■ EXERCISE:
Copy all lines below containing "June".

Records drawn from a dataset:
+++++
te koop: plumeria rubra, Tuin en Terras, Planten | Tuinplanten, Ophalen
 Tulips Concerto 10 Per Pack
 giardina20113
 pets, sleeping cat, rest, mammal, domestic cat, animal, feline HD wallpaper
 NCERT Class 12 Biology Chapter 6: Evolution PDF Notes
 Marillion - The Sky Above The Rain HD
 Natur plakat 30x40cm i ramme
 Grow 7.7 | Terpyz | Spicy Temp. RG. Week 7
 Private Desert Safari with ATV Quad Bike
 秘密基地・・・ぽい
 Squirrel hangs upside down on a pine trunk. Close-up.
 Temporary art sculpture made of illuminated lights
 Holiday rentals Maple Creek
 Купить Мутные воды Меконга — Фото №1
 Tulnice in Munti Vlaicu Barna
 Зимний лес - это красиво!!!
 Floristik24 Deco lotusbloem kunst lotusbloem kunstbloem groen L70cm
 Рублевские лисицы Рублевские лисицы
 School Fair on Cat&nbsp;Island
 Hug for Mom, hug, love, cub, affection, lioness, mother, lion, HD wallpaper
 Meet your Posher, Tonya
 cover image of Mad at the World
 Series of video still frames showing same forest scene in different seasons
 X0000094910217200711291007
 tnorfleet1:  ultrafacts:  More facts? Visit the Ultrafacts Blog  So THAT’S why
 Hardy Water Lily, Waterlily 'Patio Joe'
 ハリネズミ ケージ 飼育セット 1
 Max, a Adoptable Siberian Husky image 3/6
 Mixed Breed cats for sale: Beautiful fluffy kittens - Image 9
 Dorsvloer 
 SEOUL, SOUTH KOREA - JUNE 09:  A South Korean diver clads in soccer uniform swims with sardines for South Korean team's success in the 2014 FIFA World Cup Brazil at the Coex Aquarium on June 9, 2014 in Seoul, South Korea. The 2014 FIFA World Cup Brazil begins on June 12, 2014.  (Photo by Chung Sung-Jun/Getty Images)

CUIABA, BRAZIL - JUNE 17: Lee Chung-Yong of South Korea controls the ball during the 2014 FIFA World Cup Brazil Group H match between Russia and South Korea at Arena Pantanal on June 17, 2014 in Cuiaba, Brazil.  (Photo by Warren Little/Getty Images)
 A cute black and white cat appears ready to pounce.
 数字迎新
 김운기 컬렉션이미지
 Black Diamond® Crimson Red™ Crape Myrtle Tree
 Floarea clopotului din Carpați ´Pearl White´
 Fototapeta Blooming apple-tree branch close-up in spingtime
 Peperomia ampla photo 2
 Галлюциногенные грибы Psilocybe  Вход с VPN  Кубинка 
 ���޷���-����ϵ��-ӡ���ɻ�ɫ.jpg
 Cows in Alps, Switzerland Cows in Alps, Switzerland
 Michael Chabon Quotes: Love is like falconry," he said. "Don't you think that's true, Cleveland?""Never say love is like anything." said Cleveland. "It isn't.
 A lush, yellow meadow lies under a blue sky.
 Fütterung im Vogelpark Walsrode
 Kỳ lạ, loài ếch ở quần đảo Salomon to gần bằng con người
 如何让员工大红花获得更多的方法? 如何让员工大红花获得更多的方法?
+++++
■ YOUR RESPONSE:
 SEOUL, SOUTH KOREA - JUNE 09:  A South Korean diver clads in soccer uniform swims with sardines for South Korean team's success in the 2014 FIFA World Cup Brazil at the Coex Aquarium on June 9, 2014 in Seoul, South Korea. The 2014 FIFA World Cup Brazil begins on June 12, 2014.  (Photo by Chung Sung-Jun/Getty Images)
CUIABA, BRAZIL - JUNE 17: Lee Chung-Yong of South Korea controls the ball during the 2014 FIFA World Cup Brazil Group H match between Russia and South Korea at Arena Pantanal on June 17, 2014 in Cuiaba, Brazil.  (Photo by Warren Little/Getty Images)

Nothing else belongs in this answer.